MPs warn of 'further consumer mistrust' if price comparison site changes allowed


MPs have urged the Government to drop a recommendation allowing price comparison sites to display only the energy deals that earn them a commission.

The Energy and Climate Change Committee has written to the new Business Energy and Industrial Strategy Secretary Greg Clark to raise concerns that the recommendation by the Competition and Markets Authority (CMA) could undermine consumer trust and disadvantage smaller suppliers, therefore harming competition.

The committee said it was urging the Government not to implement the recommendation.

Committee chairman Angus MacNeil said: "Price comparison websites must do what they say on the tin.

"Consumers expect price comparison sites to shine a light on the whole market, not keep them in the dark and push them into commission-earning deals."

The CMA's recommendation that price comparison websites should no longer be obliged to show deals on which they do not earn a commission was included in its final report following a two-year inquiry into the energy market, published the day after the EU referendum result.

Roger Witcomb, chairman of the CMA's energy market investigation panel, said the job of price comparison sites was to provide better deals for customers, adding that they should do this by negotiating with energy suppliers, as was the case in other markets.

He said Citizens Advice already ran a website which compared all the energy deals available.

But Mr MacNeil said at the time that the CMA's recommendation would mean that comparison sites would become advertising sites and "lead to further consumer distrust of the whole edifice around energy".
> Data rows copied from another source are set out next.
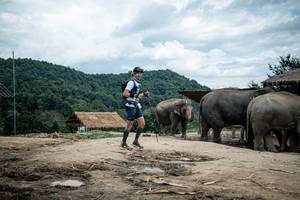 BIB: 
                            <button type="button" onclick="openModal(22423433)" class="btn btn-primary btn-sm float-right btn-popup" data-toggle="modal" data-target=".modal-high-quality">
                        <i class="fas fa-shopping-cart"></i> Add to Cart
                    </button>
                                            <button type="button" onclick="isThisMe(22423433, true)" class="btn btn-success btn-sm float-right btn-popup btn-isme hidden" data-toggle="tooltip" data-placement="bottom" title="นี่คือรูปของคุณใช่ไหม คลิกที่นี่เพื่อเอาเข้าอัลบั้ม">
                        <i class="fas fa-plus"></i> Add to album
                    </button>
                    <button type="button" onclick="isThisMe(22423433, false)" class="btn btn-warning btn-sm float-right btn-popup btn-isnotme hidden">
                        <i class="fas fa-ban"></i> Remove from album
                    </button>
In February last year a report by MPs warned that consumers were being misled into switching to deals that were not the cheapest on the market and said those who had lost out as a result should receive compensation.

Ofgem later published a revised code for comparison sites stating that they must include deals for all available domestic tariffs as a default.
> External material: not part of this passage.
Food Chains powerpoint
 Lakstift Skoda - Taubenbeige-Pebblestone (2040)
Luke Watson, the managing director of GB Energy, which gave evidence to the committee, said: "It is completely illogical to allow comparison sites to restrict access to the cheapest deals.

"We urge the Government to work with us and other small energy suppliers to find an alternative solution which ensures that bill payers get the best possible deals, rather than rubber stamp a remedy that creates the potential for a cartel between the Big Six suppliers and the Big Two comparison sites."

The CMA said: "The fact is that the current rules mean price comparison websites are not operating at full power in the energy market.

"The whole of the market requirement does not exist in other markets - like motor insurance - where price comparison websites have shown they can play a powerful role in using their marketing firepower to increase switching and drive down prices.

"As Which? noted at the hearing, price comparison websites in competition with each other will be battling to display the cheapest deals - that is how they win business from their rivals. Where PCWs have had the most positive impact, they have not had incentives to hide good deals from consumers.

"Our recommendation has been made to Ofgem rather than the Government so it will be for them to decide whether to implement the changes."

A BEIS spokesman said: "The CMA has recommended that price comparison websites should compete against each other to offer their customers competitively priced deals.

"Competition is key to delivering an effective energy market and driving down prices for billpayers. It's important that industry work together to encourage consumers to switch supplier."